Probably one of the first things to decide upon is the drive system
wanted in the turntable. There are three basic types to choose from.
The first of these is using a gear mechanism. These systems have almost
been wiped out due to the extreme amount of vibration and rumble that
exists in these systems. The gear systems have been replaced with either
a belt drive or a direct drive. As the name suggests, a belt drive system
uses a flexible belt to link the motor to the turntable platter. A direct
drive system makes the platter an integral part of the motor much like a
flywheel on a car, excellent results can be attained from either type,
although a direct drive system is the favored of the two. Different ways
of controlling the speed on a turntable will also vary. The less expensive
models will usually use a synchronous motor which works like an
ordinary electric clock. The more expensive models will use a servocontrolled motor in which a special sensing circuit that checks the actual
motor speed will instantly correct it if the speed is too fast or slow. The
more elaborate systems will use a quartz crystal as a reference.
Most turntables have a cueing control which enables the user to lift
and lower the tone arm gently onto the record. This is very important to
minimize damage to both the stylus and precious records.

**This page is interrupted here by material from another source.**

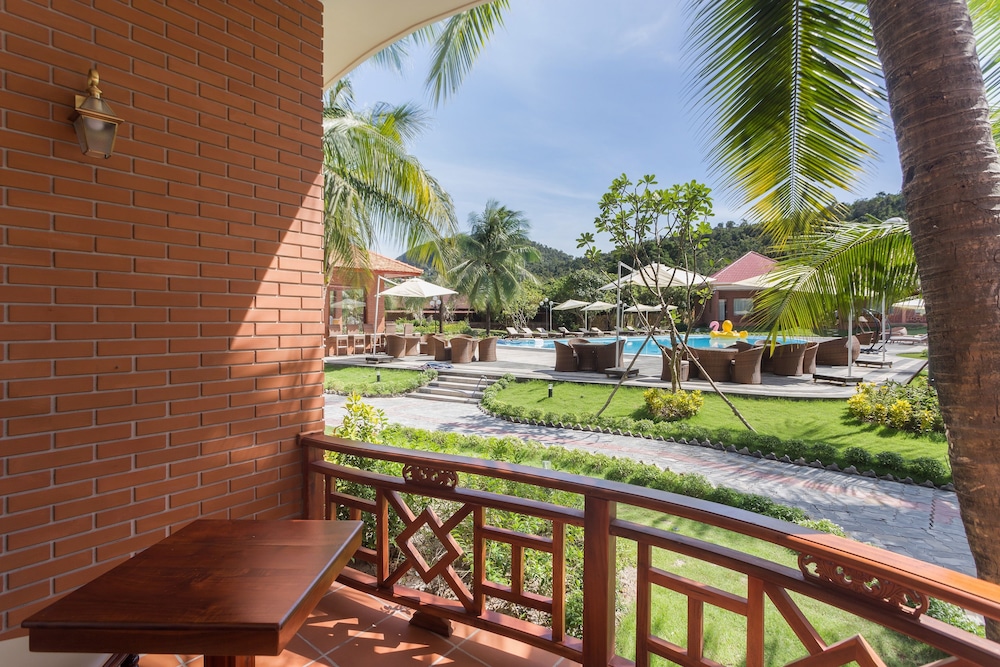 Gold Coast Phu Quoc Resort 7/68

Another very important factor is the platter itself. A very well
balanced platter is very important to the sound quality of a turntable.
An unbalanced platter will tend to make the pitch raise or lower as the
record turns. In addition to this, an unbalanced platter will wear out a
drive motor faster and cause degrading of the sound. A heavier platter
will also help the turntable to do its thing at a steadier rate of speed.

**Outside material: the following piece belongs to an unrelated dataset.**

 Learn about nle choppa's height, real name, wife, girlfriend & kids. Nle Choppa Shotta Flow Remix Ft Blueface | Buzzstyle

Spinning a record may seem easy, but it is an exacting job. The
turntable must keep the correct speed within very close tolerances. If it
doesn't, the pitch of the music waivers. This is called "wow" and makes
the music sound off key. The record must also rotate smoothly without
a trace of chugging or the odd trembling sound known as "flutter."
Flutter and wow are most noticeable during slow passages.
When buying a turntable try to get the turntable with the lowest wow
and flutter rating. A good set of guidelines is approximately .15% or
less for the budget turntable, .10% or less for the medium priced
turntable, and for the deluxe turntable, .05% or less. To most listeners
anything less than .10% or less is imperceptable.
A turntable must also be free of vibration because any vibration will
get amplified along with the music and make a growling noise known as
rumble that can mask some of the quiet passages of the music. When
looking for turntables, try to get a rumble rating (sometimes referred to
as signal to noise ratio or S/ N) with a S/ N ratio that is -60 decibels or a
larger negative number. With a rating as low as this, a rumble will not
be noticeable to even the discriminating listener.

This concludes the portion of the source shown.